How does the film depict post-independent Senegalese society?
The movie provides a rather bleak depiction of post-independent Senegalese society. Poverty seems to be rampant throughout the society, with people continuously begging. Dieng is unemployed and lives off credit to support his two wives and seven children. And then, when he does have an opportunity to make a little money by cashing the money order, French bureaucracy makes it all but impossible for him to do so. People seem polite and friendly and willing to do their religious duty and help out, but hardly anyone is in a position to do so. And even when they are better off, like Dieng’s nephew, Mbaye, they prove unscrupulous and willing to rob their own family. Or the men at the photography shop, who happily take Dieng’s money, while all the time knowing they have no intention of providing the photograph that he has paid them for. The only way for an individual to thrive, it seems, is through greed and corruption, which makes it all but impossible for the country itself to thrive.
What “message” do you get from the movie? Justify your answer.

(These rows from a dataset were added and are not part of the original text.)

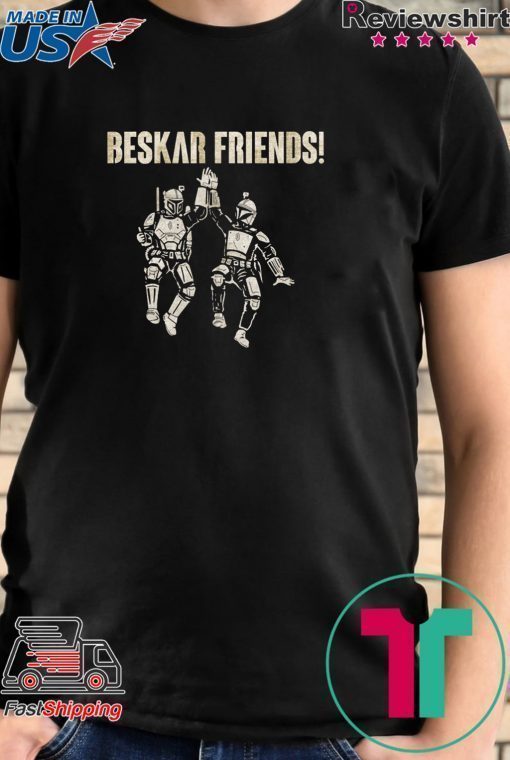 Mandalorian Beskar Friends Shirt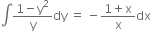 integral fraction numerator 1 minus straight y squared over denominator straight y end fraction dy space equals space minus fraction numerator 1 plus straight x over denominator straight x end fraction dx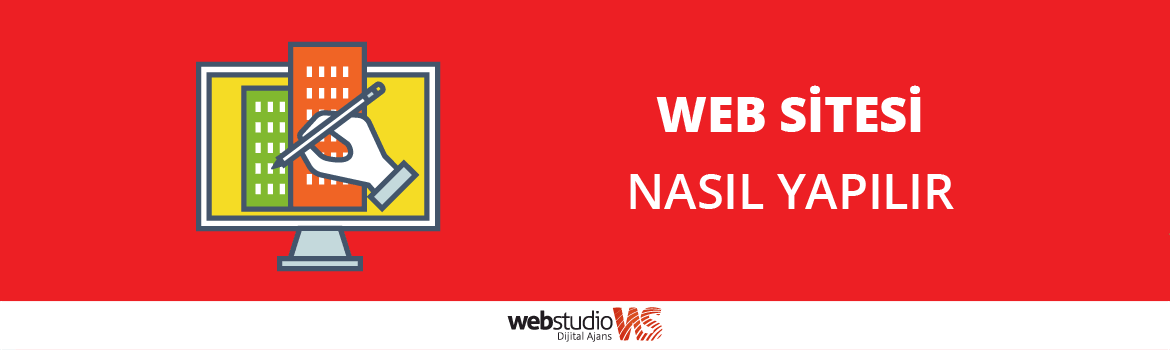 Web Sitesi Nasıl Yapılır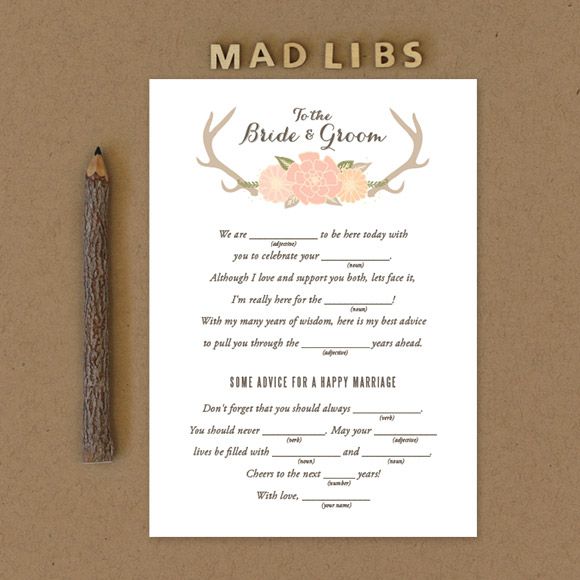Mad Libs are a fun activity for guests at any wedding event, such as an engagement party, bridal shower or bachelorette party. Wedding guests will surely be entertained while writing down their best advice. The couple will have a great keepsake item to read back on anniversaries or date nights. This 5" x 7" mad libs template is set up 2 on a page.&nbsp;This is a Digital Item for you to print on your own, no printed cards will be mailed to you. After you purchase this item, you'll receive a confirmation email. In this email click on the link "Blooming Antlers Mad Libs PDF" to instantly download your PDF.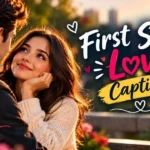 First Sight Love Caption
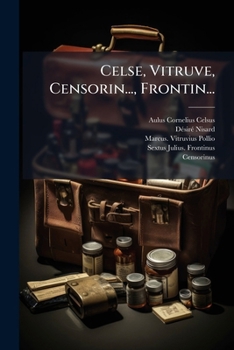 Celse, Vitruve, Censorin (Oeuvres Completes), Frontin (Des Aqueducs de Rome); Avec La Traduction En Francais [Et] Publies Sous La Direction de M. Nisard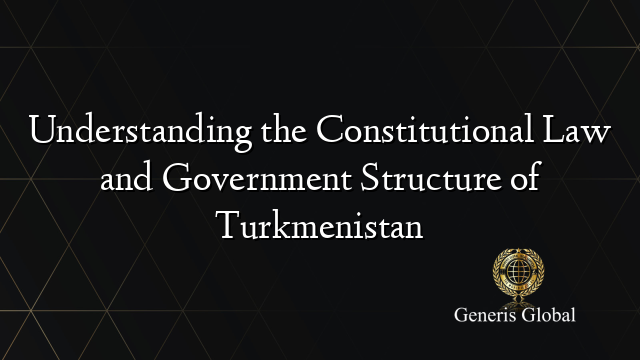 Understanding the Constitutional Law and Government Structure of Turkmenistan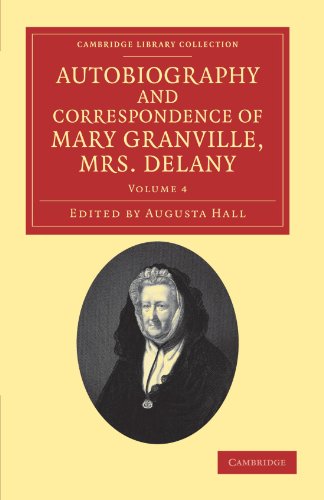 Autobiography and Correspondence of Mary Granville, Mrs Delany: With Interesting Reminiscences of King George the Third and Queen Charlotte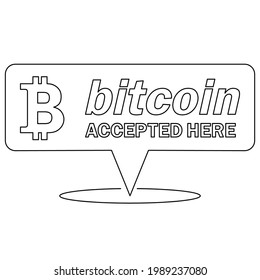 Bitcoin payment concept. Mobile cryptocurrency. Bitcoin transaction or donation. Cryptocurrency accepted here. Vector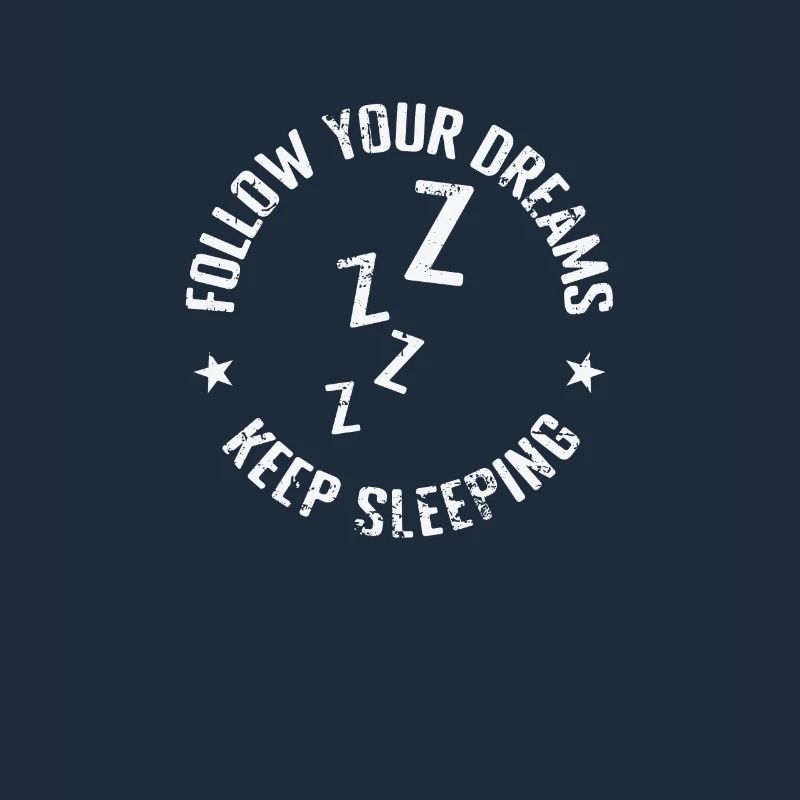 follow your Dreams Keep Sleeping Dream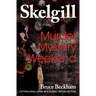 Murder Mystery Weekend: Inspector Skelgill Investigates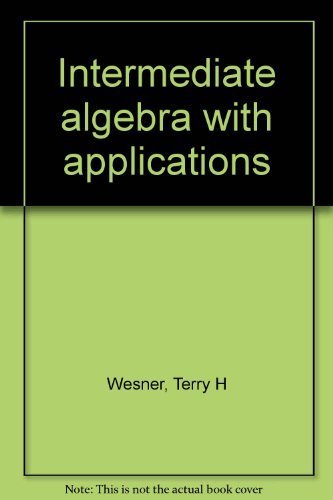 Stock image for Intermediated Algebra with Aplications Fourth Edition Annotated Instructors Edition for sale by ThriftBooks-Atlanta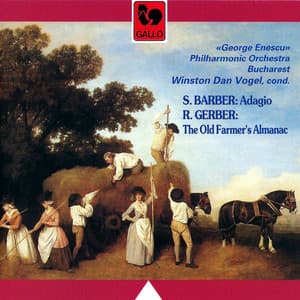 Barber: Adagio for Strings, Op. 11 – René Gerber: The Old Farmer's Almanac for Orchestra - René Gerber
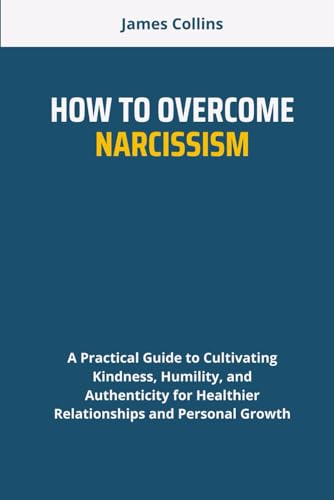 HOW TO OVERCOME NARCISSISM: A Practical Guide to Cultivating Kindness, Humility, and Authenticity for Healthier Relationships and Personal Growth HOW TO OVERCOME NARCISSISM: A Practical Guide to Cultivating Kindness, Humility, and Authenticity for Healthier Relationships and Personal Growth von Independently published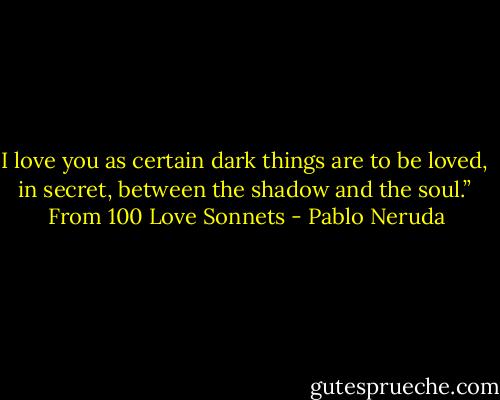 I love you as certain dark things are to be loved, <br />in secret, between the shadow and the soul.”<br /><br />From 100 Love Sonnets - Pablo Neruda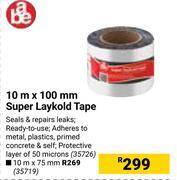 Builders Warehouse Abe 10m x 100mm super laykold tape offer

The message that I got from the film Mandabi is that French colonialism made it nearly impossible for a country in colonial Africa to thrive, whether pre- or post-independence. The maze of bureaucratic hurdles that prevent Dieng from cashing the money order are foisted on a people that are completely unprepared to deal with them, and no one has the patience, or inclination, to help out. Everyone is out for themselves. Lip service is paid to religious charity, but people are much more interested in receiving than giving. Even Dieng’s wives are happy to buy on credit, with little if any regard for the consequences. Colonialism has left the country horribly scarred and unable to cope with the greed, corruption, and poverty left in the French colonial government’s wake.